__Problem requirements__. Given these entries, repeat exactly the lines starting with the one that has "Equipos de sonido e iluminación en alquiler" and going on through the one that has "House for sale in Meifod, Wales", both included, but none of the pictures.

__Records shown__.
-------

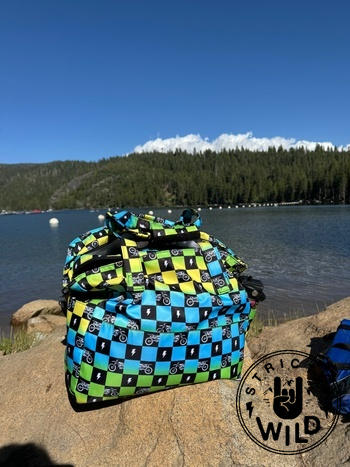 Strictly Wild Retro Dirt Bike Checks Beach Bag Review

-------

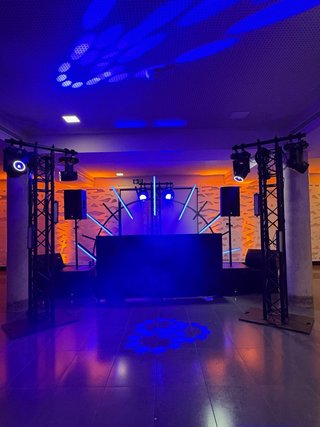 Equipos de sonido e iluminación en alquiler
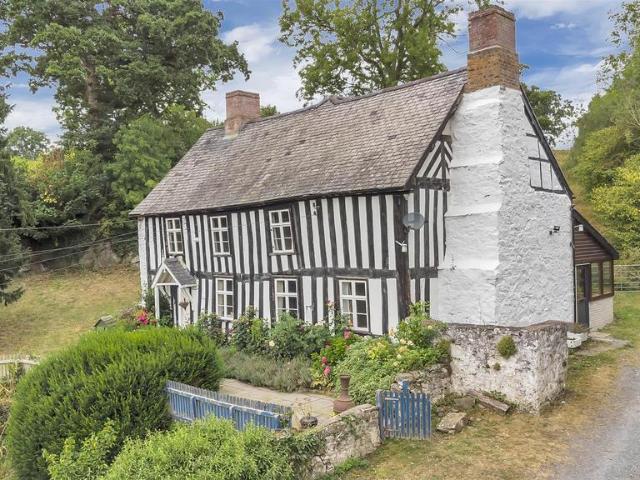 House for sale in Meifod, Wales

-------

__Response area__.
 Equipos de sonido e iluminación en alquiler
 House for sale in Meifod, Wales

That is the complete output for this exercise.